Dimora Ristorante, an Italian restaurant in Norwood, New Jersey, has paid $60,000 to a former waiter to settle a wage violations lawsuit for unpaid minimum and overtime wages and tip theft. The waiter argued that Dimora unlawfully required all front-of-the-house tipped employees, such as waiters and bussers, to pool their tips and share portions of them with two of the restaurants’ managers.
Under the FLSA, a restaurant can require front-of-the-house employees to pool and share their tips. However, the restaurant violates the FLSA if managers participate in the tip pool. Only non-managerial tipped employees can participate in the tip pool.
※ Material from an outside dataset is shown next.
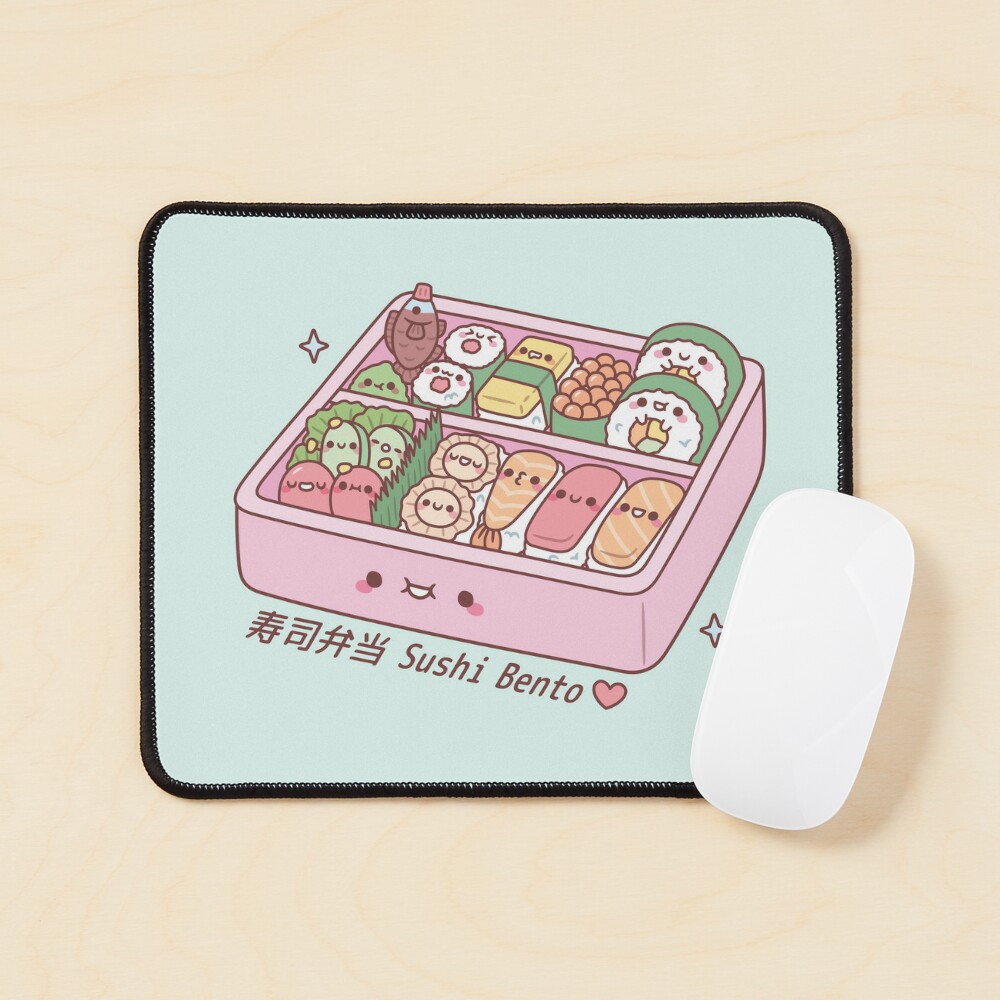 Small Bento Box Sticker | Cute Food Sticker | Kawaii Food | Anime Food |  Japanese Food Sticker | Food From Japan | Cute Bentos | Chopsticks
If a restaurant violates this rule, it loses the tip credit, which is the privilege of paying front-of-the-house tipped employees at a reduced hourly wage rate. If this happens, the restaurant must pay back the tipped employees the tip credit, i.e., the difference between the full minimum wage rate and whatever reduced amount it paid them (which cannot be lower than $2.13 in New Jersey).
This is what the waiter argued against Dimora. According to the waiter, Dimora required him to share portions of his tips with two managers who hired, fired, interviewed, directed the duties, and set the work schedules of tipped employees. Because of this violation of the FLSA, the waiter claimed that the restaurant should not have paid him at the reduced wage rate of $2.90 per hour. He argued that because Dimora violated the FLSA, it should have paid him the full minimum wage rate of $8.38 in effect in 2016 in New Jersey. In other words, the waiter claimed he was owed the tip credit of $5.48 (i.e., the difference between $8.38 and $2.90) per hour worked up to 40 per workweek. The waiter also claimed that the restaurant failed to pay him any wages at all for hours worked over forty per workweek.
The waiter was represented by Louis Pechman and Gianfranco Cuadra of Pechman Law Group PLLC.